In 2014, the Wang group reported the cross-coupling between alkenyl boronic acids and cyclic α-diazocarbonyls to synthesize 1,3-dienes in an oxidative fashion.¹⁶ Since 1,3-diene moieties are found to be useful for the synthesis of various biologically important molecules and natural products, their utilization is broadly explored in synthetic organic chemistry. Here, the authors used the reaction of vinylboronic acids 37 with cyclic α-diazocarbonyls 36 to synthesize diverse substituted 1,3-diene compounds 38 bearing a ring (Scheme 5a). This reaction tolerated differently substituted vinylboronic acids with various diazocarbonyl compounds, e.g., heteroatom-containing cyclic α-diazocarbonyls such as lactone-based compounds are also suitable for this transformation (Scheme 5b). The ring size of cyclic α-diazocarbonyl compounds noticeably affected the product's yield. Cyclic α-diazocarbonyls compounds derived from the corresponding 5, 6, 7-membered ketones, and beyond gave excellent yields of the products (Scheme 5b). In the case of 5-membered cyclic α-diazocarbonyls, the yield was drastically decreased. Furthermore, the authors also explored acyclic diazocarbonyl compounds to synthesize 1,3-dienes. However, they yielded a mixture of stereoisomeric 1,3-dienes 38d (Scheme 5b).
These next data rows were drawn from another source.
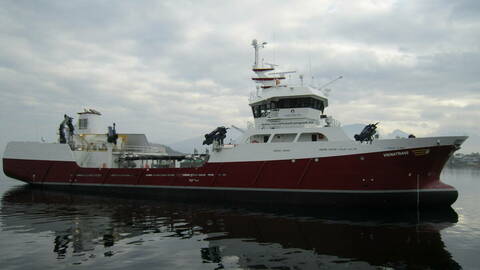 Arkivbilde av brønnbåten MS Viknatrans. Foto: Aas Mek Verksted AS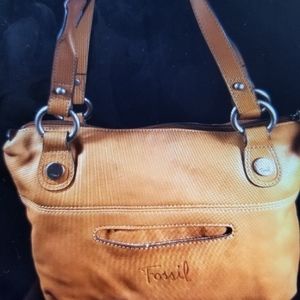 FOSSIL LEATHER HANDBAG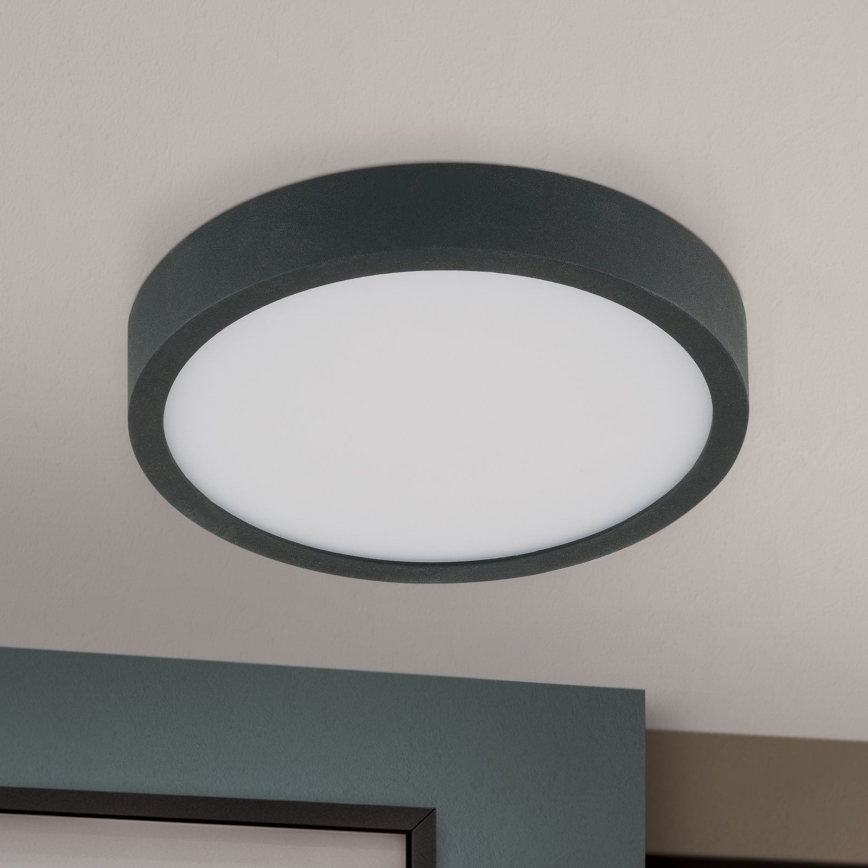 LED taklampa BULLY LED/12W/230V diameter 14 cm svart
Scheme 5 Pd-catalyzed synthesis of 1,3-dienes.

The oxidation of Pd(0) by BQ generated the Pd(II) 39 species. Later, it underwent transmetalation with vinylboronic acids 37 to generate the intermediate 40. Next, cyclic α-diazocarbonyls 36 reacted with intermediate 40 to give Pd–carbene 41. Vinyl group migratory insertion gave 42, and then β-hydride elimination afforded 1,3-diene 43 (Scheme 5c).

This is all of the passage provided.